## YOUR TASK
Reproduce only this range: the line holding "changes to your" through the last line of the data below, both included, exactly, with no pictures.

## GIVEN INFORMATION
☆ ☆ ☆ ☆ ☆
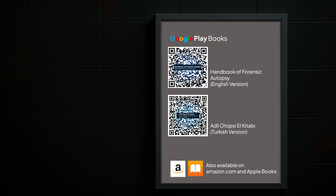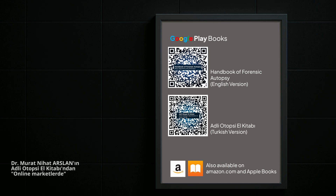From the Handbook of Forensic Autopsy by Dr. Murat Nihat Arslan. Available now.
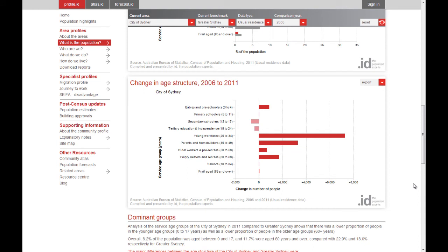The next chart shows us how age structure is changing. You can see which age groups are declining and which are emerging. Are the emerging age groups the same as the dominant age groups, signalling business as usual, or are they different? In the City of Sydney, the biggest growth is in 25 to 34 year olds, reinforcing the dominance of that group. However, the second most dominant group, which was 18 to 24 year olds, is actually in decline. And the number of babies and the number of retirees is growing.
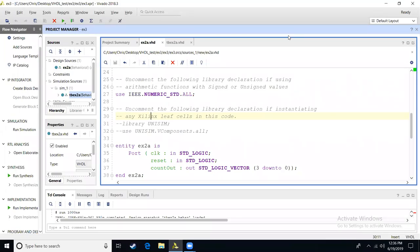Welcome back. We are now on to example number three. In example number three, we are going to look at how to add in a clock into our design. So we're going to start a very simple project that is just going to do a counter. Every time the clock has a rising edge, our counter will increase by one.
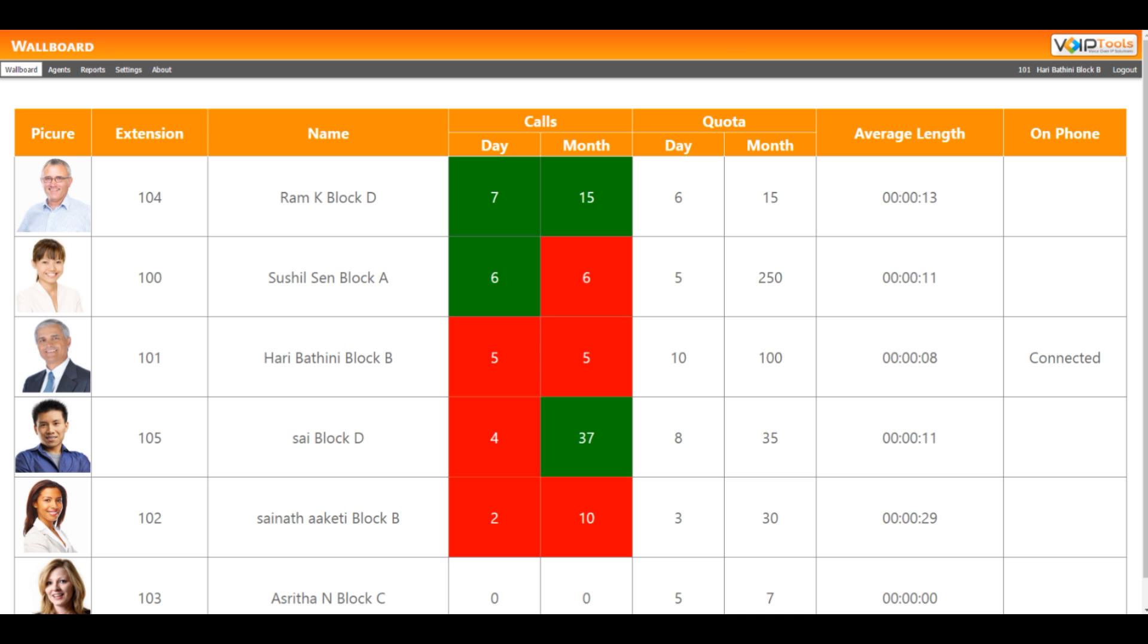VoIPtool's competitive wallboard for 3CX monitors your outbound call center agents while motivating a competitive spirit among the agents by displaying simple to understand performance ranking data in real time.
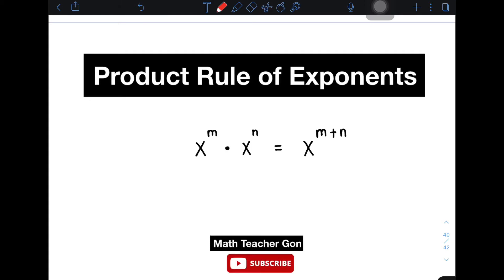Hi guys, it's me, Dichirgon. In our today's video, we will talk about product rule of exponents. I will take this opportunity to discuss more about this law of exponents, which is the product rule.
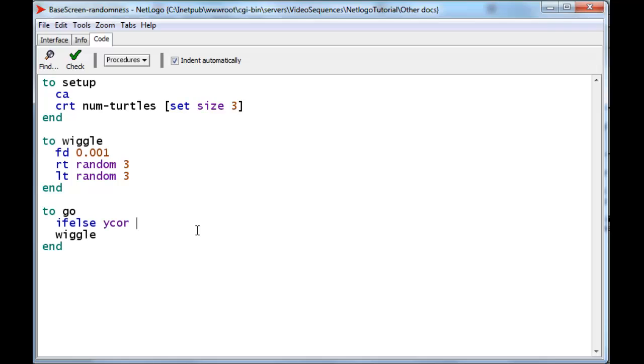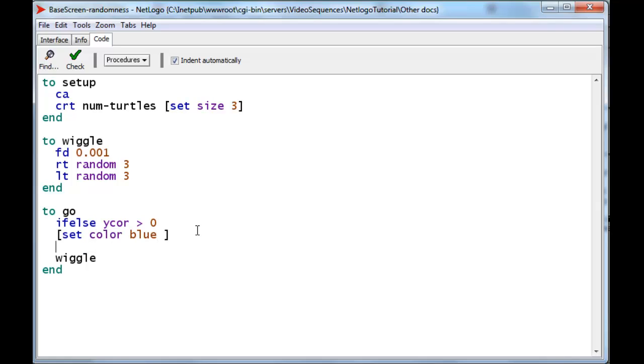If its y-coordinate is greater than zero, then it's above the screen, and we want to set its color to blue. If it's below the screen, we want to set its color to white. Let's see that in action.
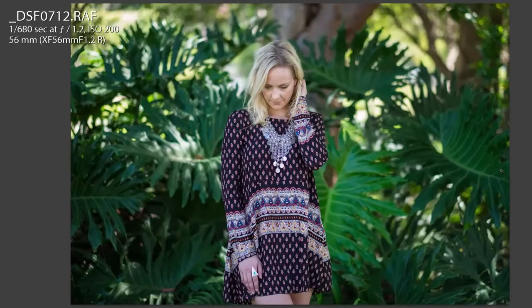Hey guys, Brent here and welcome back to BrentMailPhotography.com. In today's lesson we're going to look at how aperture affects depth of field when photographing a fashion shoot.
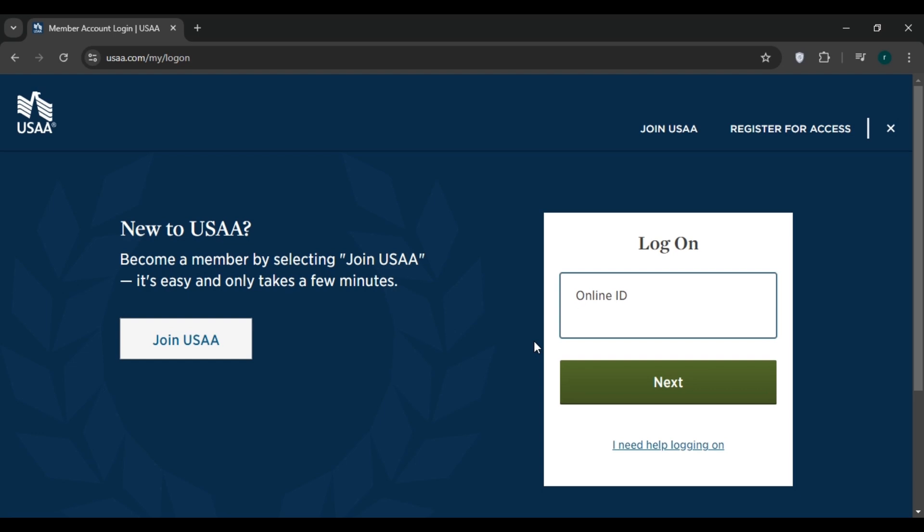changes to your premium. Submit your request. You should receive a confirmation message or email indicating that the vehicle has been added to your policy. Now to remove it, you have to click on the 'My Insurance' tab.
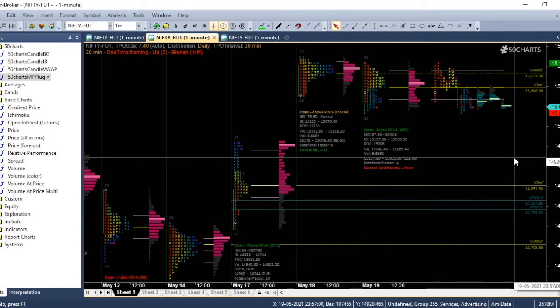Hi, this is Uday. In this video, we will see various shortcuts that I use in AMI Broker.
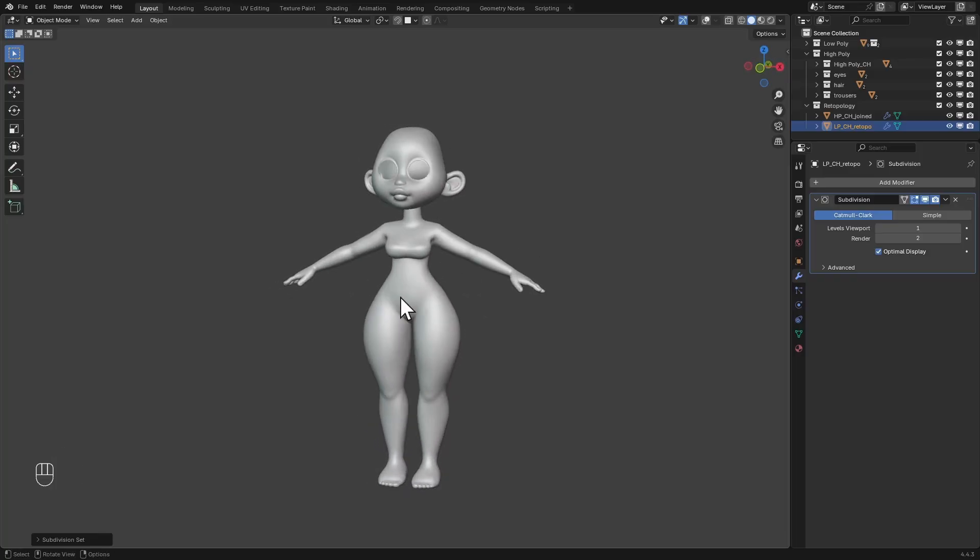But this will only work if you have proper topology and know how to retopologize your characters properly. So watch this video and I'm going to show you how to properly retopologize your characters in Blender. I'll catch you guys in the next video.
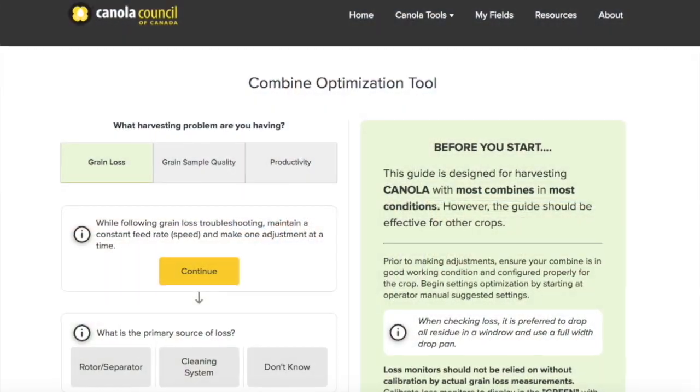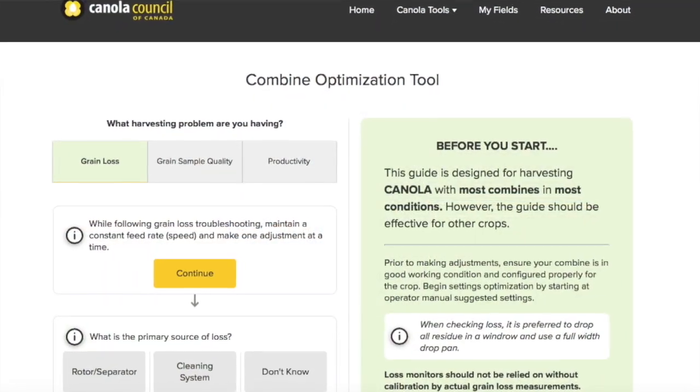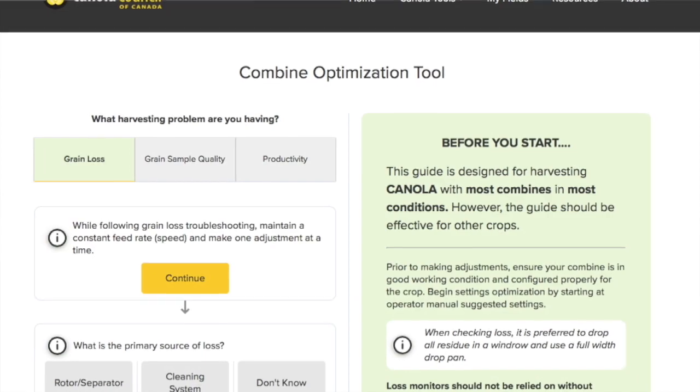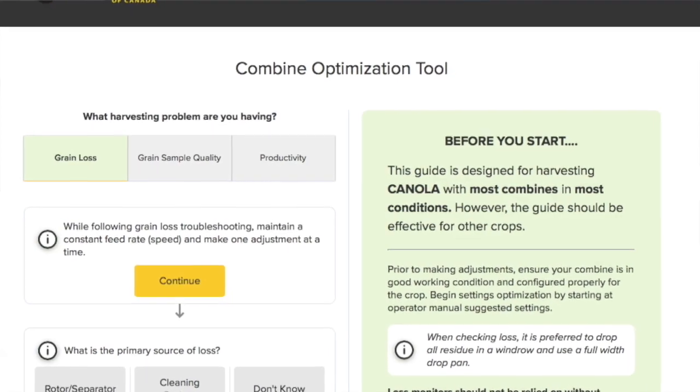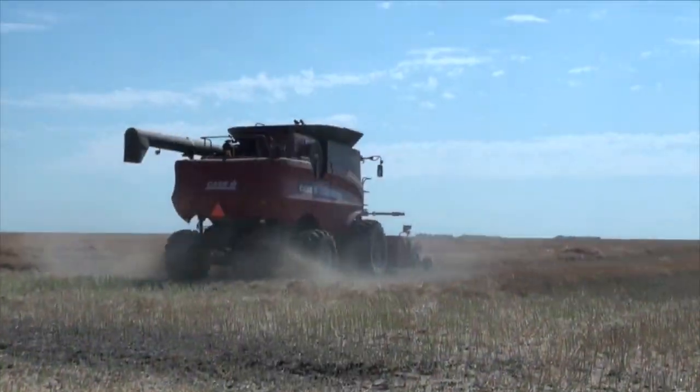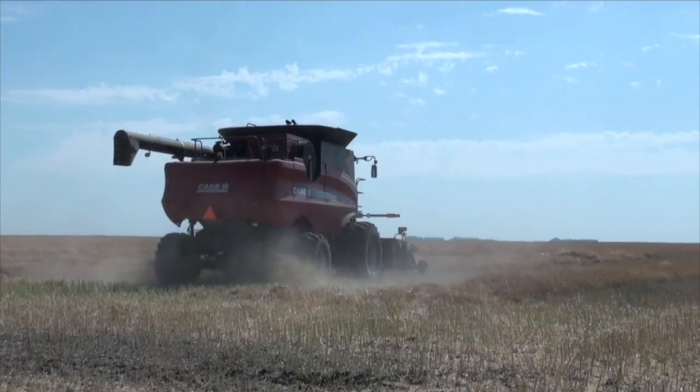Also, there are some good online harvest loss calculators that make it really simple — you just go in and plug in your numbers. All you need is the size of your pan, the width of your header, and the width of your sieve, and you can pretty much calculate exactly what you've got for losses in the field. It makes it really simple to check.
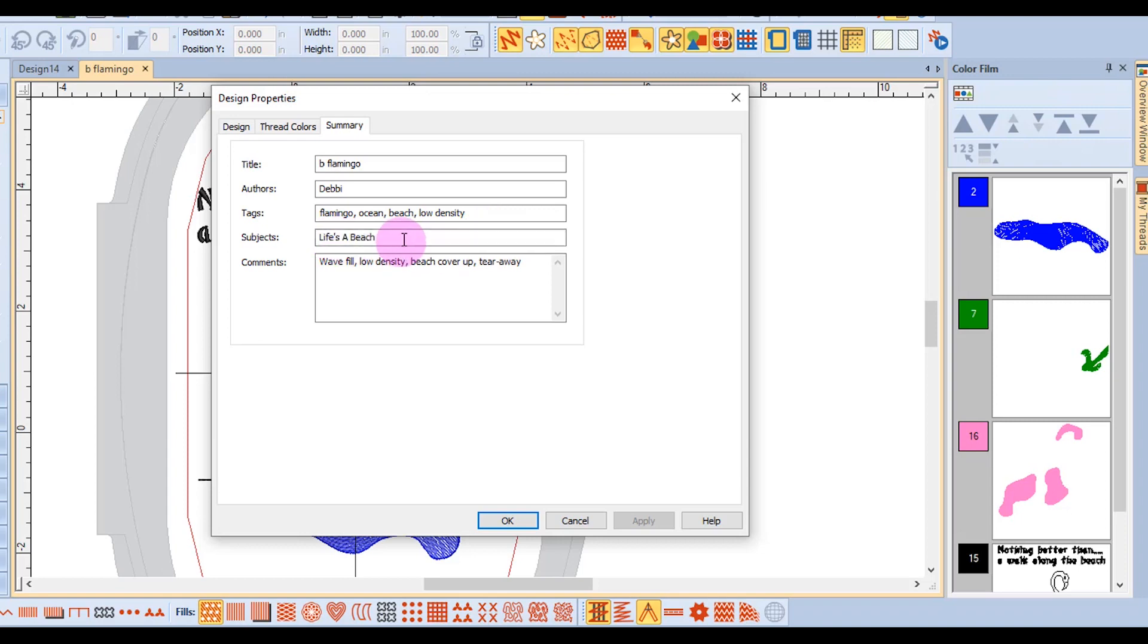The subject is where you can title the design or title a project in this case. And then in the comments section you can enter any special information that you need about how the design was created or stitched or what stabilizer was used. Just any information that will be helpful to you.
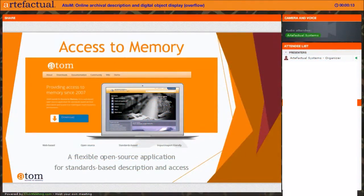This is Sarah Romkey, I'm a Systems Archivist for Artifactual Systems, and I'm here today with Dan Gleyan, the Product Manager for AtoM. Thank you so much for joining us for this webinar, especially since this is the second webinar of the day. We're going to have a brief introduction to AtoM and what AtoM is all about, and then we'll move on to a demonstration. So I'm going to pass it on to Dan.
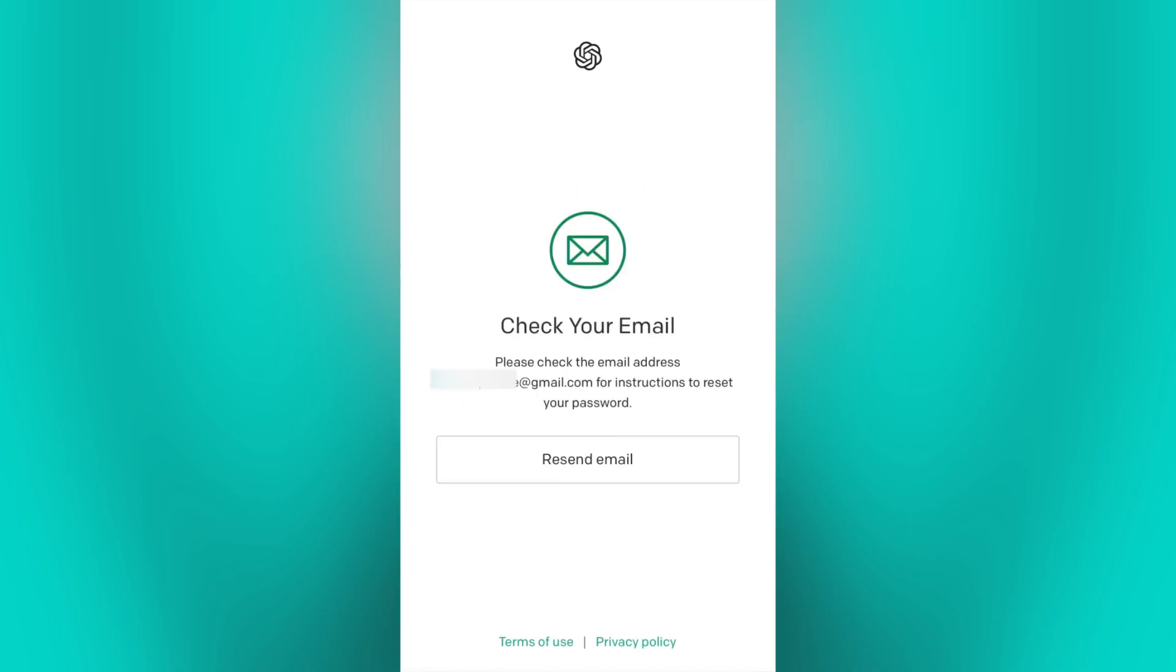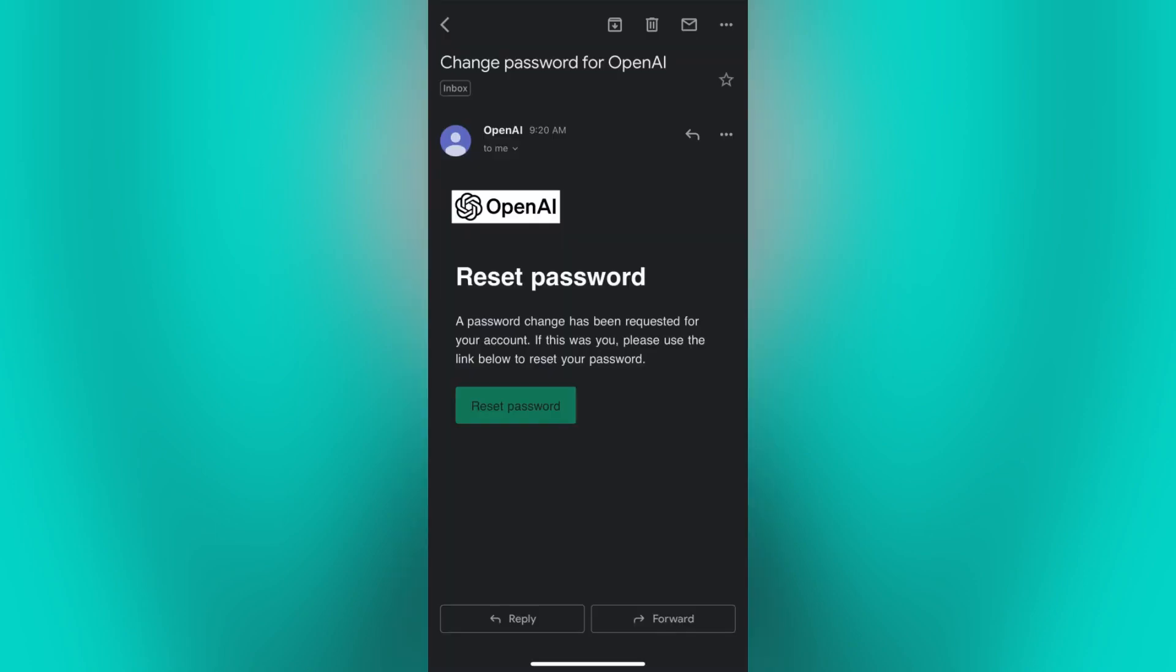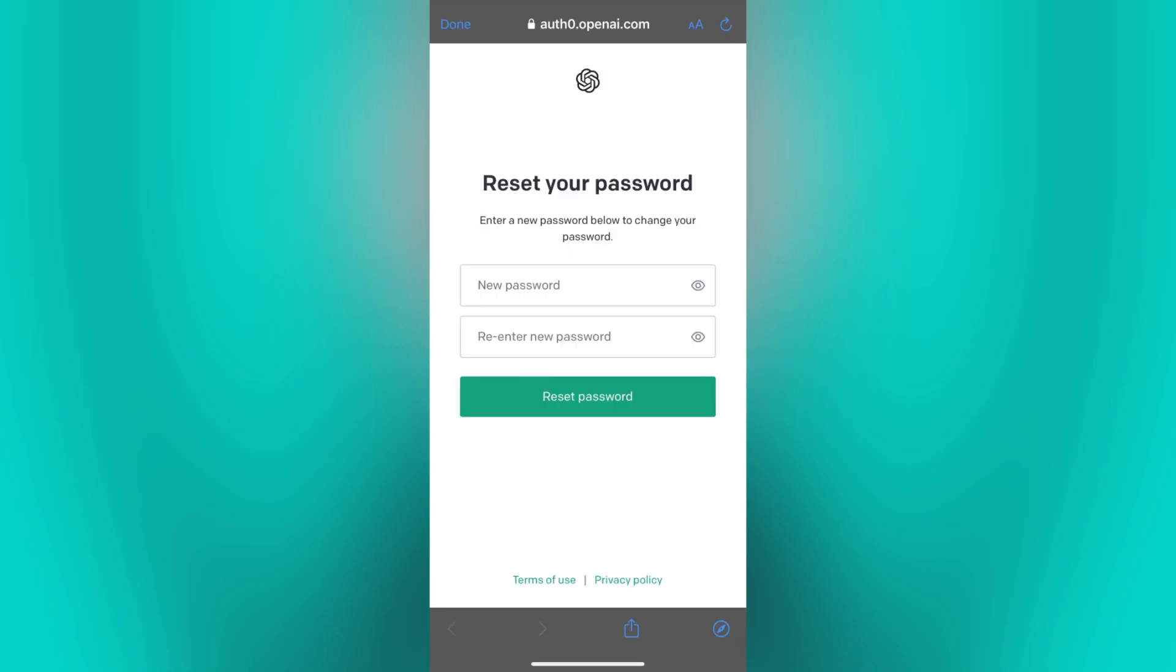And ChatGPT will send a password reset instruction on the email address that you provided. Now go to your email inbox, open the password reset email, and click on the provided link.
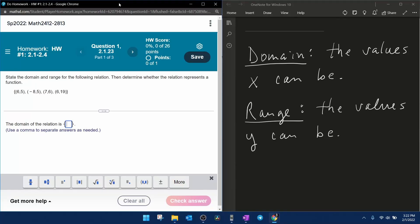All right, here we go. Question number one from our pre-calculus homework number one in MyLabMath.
☆ ☆ ☆ ☆ ☆
## ANSWER AREA
changes to your premium. Submit your request. You should receive a confirmation message or email indicating that the vehicle has been added to your policy. Now to remove it, you have to click on the 'My Insurance' tab.
Hi, this is Uday. In this video, we will see various shortcuts that I use in AMI Broker.
But this will only work if you have proper topology and know how to retopologize your characters properly. So watch this video and I'm going to show you how to properly retopologize your characters in Blender. I'll catch you guys in the next video.
Also, there are some good online harvest loss calculators that make it really simple — you just go in and plug in your numbers. All you need is the size of your pan, the width of your header, and the width of your sieve, and you can pretty much calculate exactly what you've got for losses in the field. It makes it really simple to check.
The subject is where you can title the design or title a project in this case. And then in the comments section you can enter any special information that you need about how the design was created or stitched or what stabilizer was used. Just any information that will be helpful to you.
This is Sarah Romkey, I'm a Systems Archivist for Artifactual Systems, and I'm here today with Dan Gleyan, the Product Manager for AtoM. Thank you so much for joining us for this webinar, especially since this is the second webinar of the day. We're going to have a brief introduction to AtoM and what AtoM is all about, and then we'll move on to a demonstration. So I'm going to pass it on to Dan.
And ChatGPT will send a password reset instruction on the email address that you provided. Now go to your email inbox, open the password reset email, and click on the provided link.
All right, here we go. Question number one from our pre-calculus homework number one in MyLabMath.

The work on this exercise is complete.